● **DATA SECTION**
============================================================
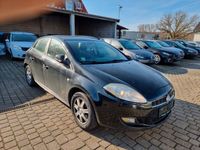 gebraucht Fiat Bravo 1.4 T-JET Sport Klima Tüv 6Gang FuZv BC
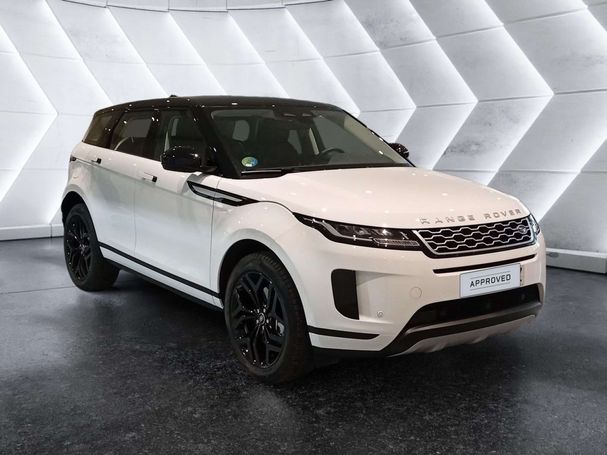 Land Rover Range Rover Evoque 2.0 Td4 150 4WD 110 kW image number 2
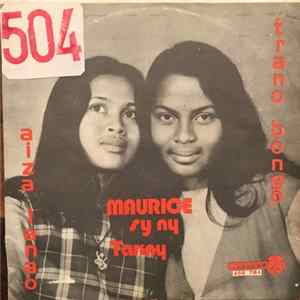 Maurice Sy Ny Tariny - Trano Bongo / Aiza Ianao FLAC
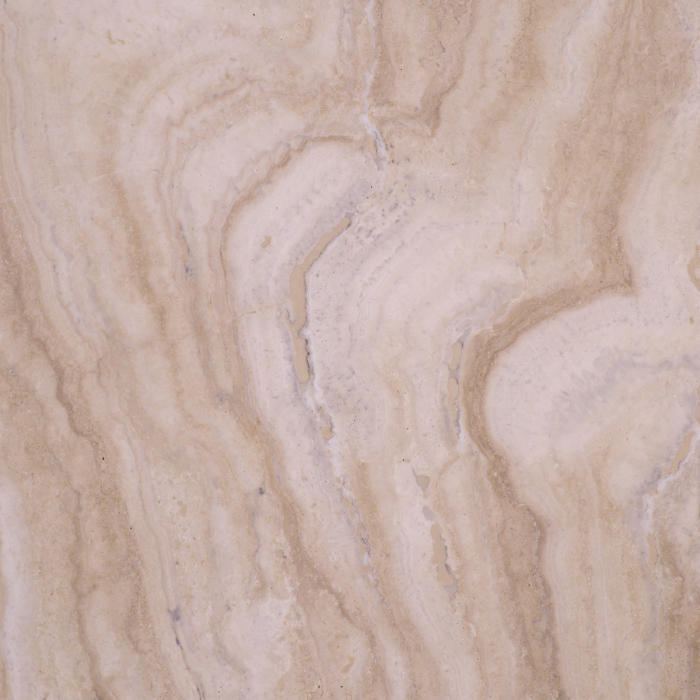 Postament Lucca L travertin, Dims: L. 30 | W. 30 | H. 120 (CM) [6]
============================================================
● **WHAT YOU NEED TO DO**
Before handing back the copy, remove the pictures; otherwise print the data exactly.

● **RESULT OF THE TASK**
 gebraucht Fiat Bravo 1.4 T-JET Sport Klima Tüv 6Gang FuZv BC
 Land Rover Range Rover Evoque 2.0 Td4 150 4WD 110 kW image number 2
 Maurice Sy Ny Tariny - Trano Bongo / Aiza Ianao FLAC
 Postament Lucca L travertin, Dims: L. 30 | W. 30 | H. 120 (CM) [6]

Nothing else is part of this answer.